Extracted data entries

....................

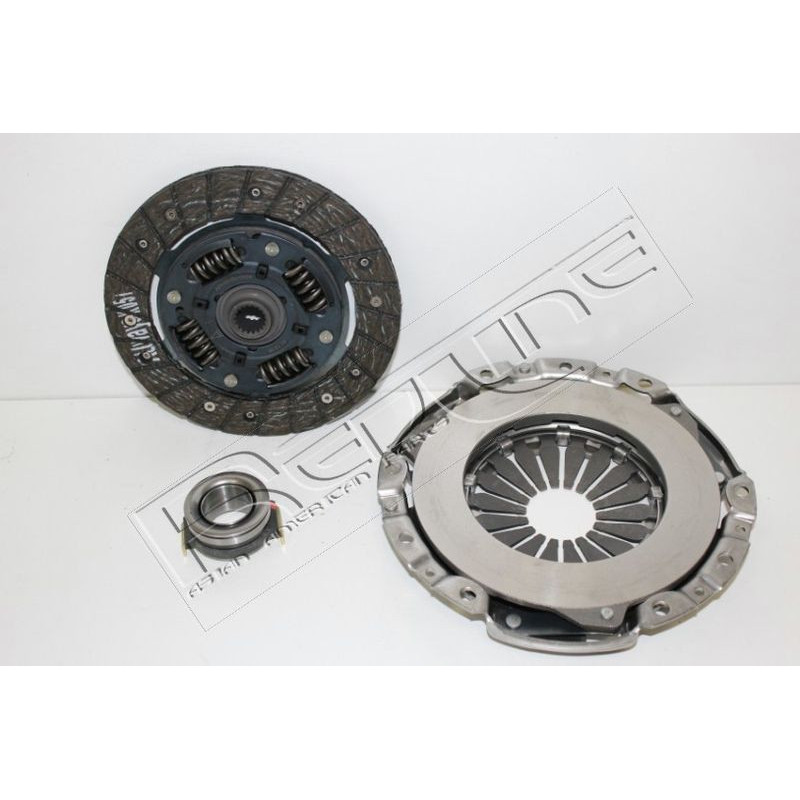 Cuscinetto reggispinta - RED LINE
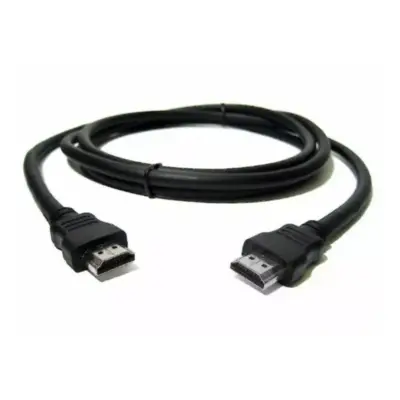 Detalles accesorios de Cable Hdmi Macho - Macho 5 Mts V1.4 1080P BKT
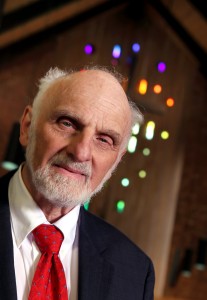 Walter Brueggemann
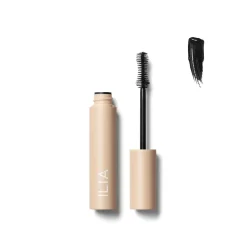 ILIA Beauty Fullest Volumizing Mascara 9.5ml (0.32floz)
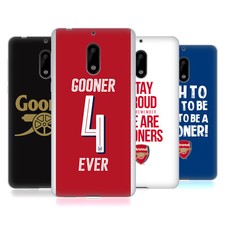 OFFICIAL ARSENAL FC GUNNERS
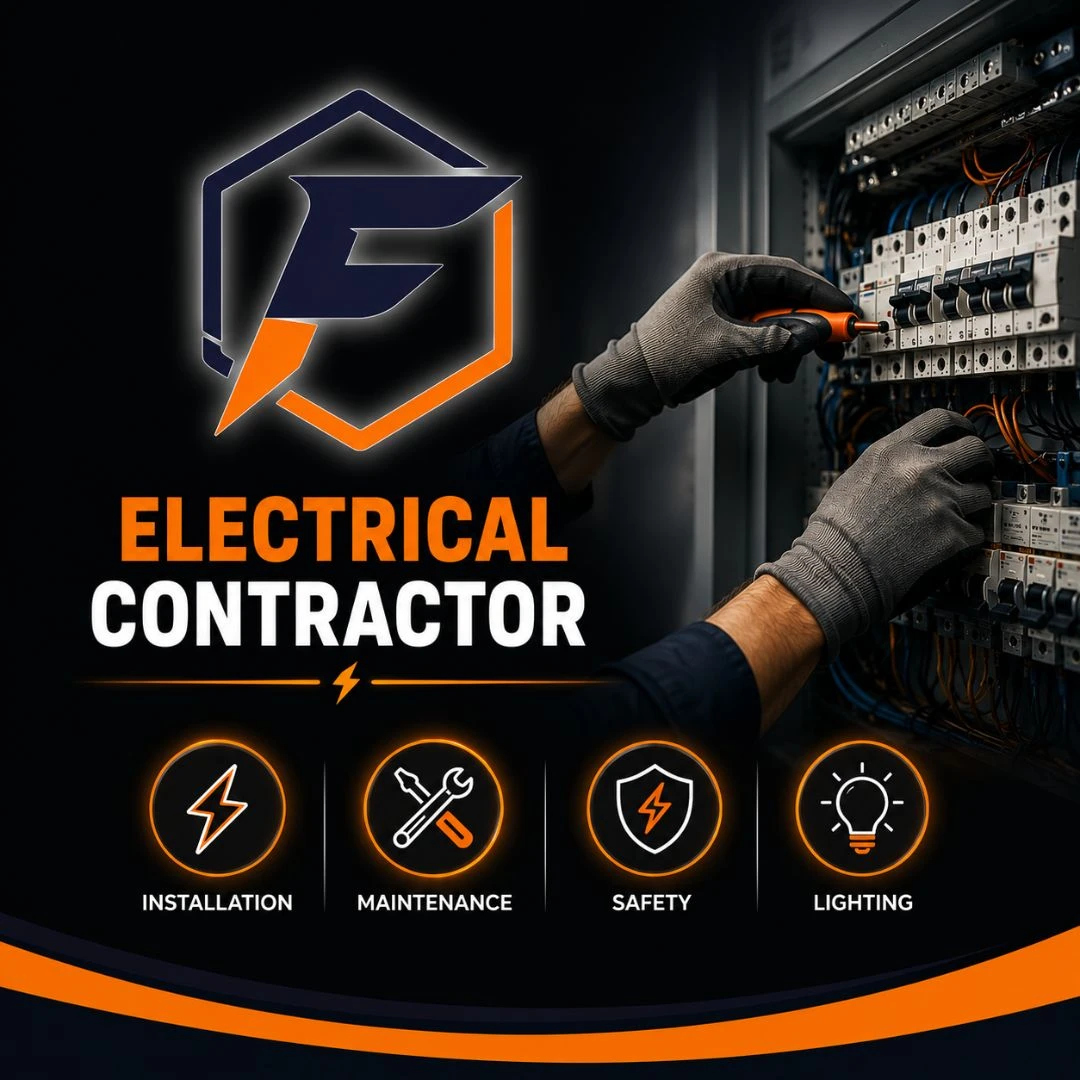 Electrical Contractor 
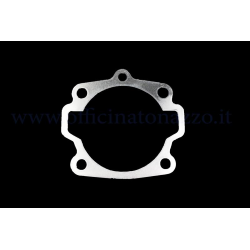 base del cilindro Gasket Pinasco 177cc, 2 decantación, Ø 63, hierro fundido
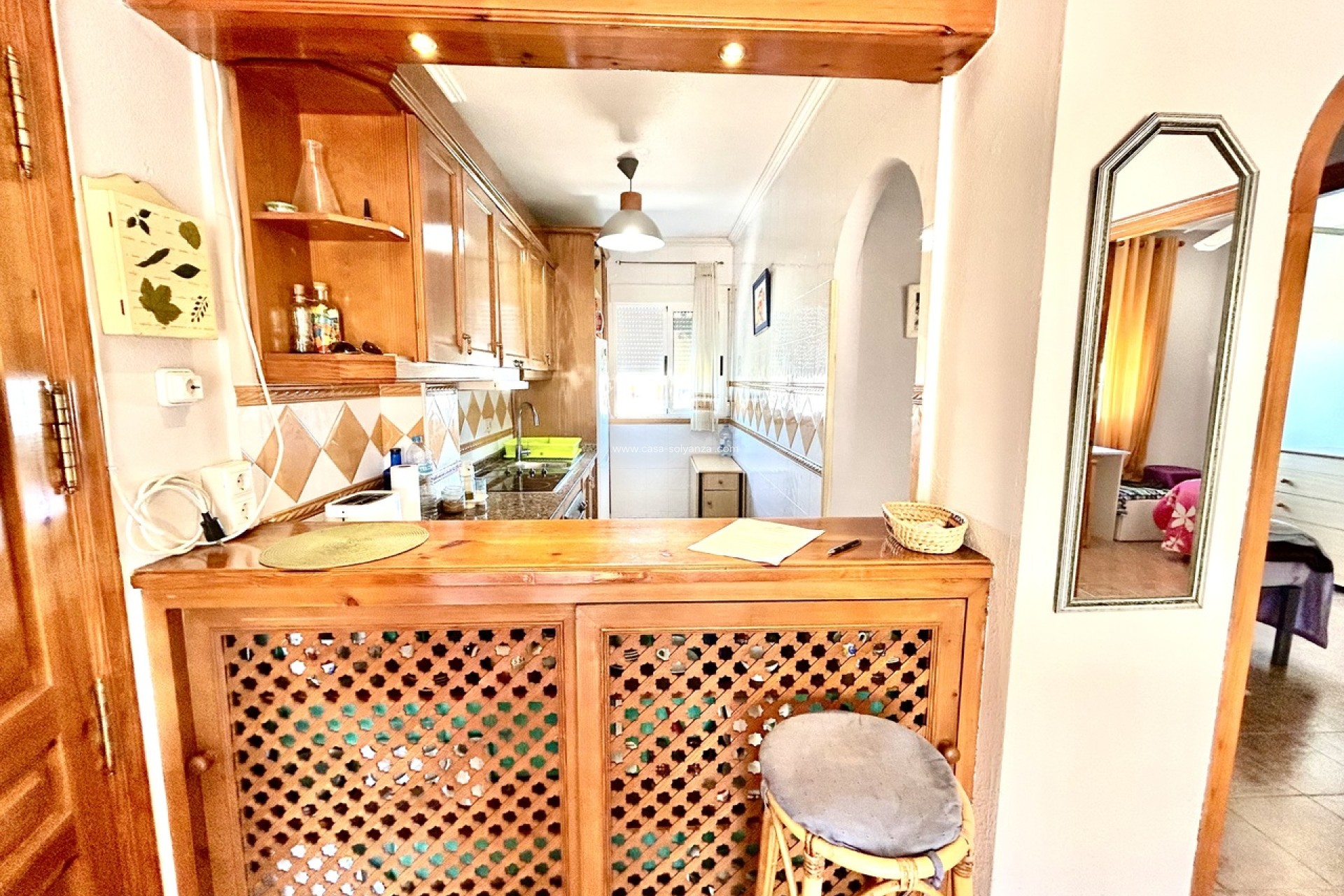 Reventa - Apartamento / piso - Punta Prima - Costa Blanca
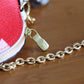 Fan Fashion Lu-Vi bags - 9064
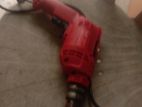 Drill machine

....................

Work order » In case the records contain pictures, keep those out and repeat the rest exactly.

Expected answer »
 Cuscinetto reggispinta - RED LINE
 Detalles accesorios de Cable Hdmi Macho - Macho 5 Mts V1.4 1080P BKT
 Walter Brueggemann
 ILIA Beauty Fullest Volumizing Mascara 9.5ml (0.32floz)
 OFFICIAL ARSENAL FC GUNNERS
 Electrical Contractor 
 base del cilindro Gasket Pinasco 177cc, 2 decantación, Ø 63, hierro fundido
 Reventa - Apartamento / piso - Punta Prima - Costa Blanca
 Fan Fashion Lu-Vi bags - 9064
 Drill machine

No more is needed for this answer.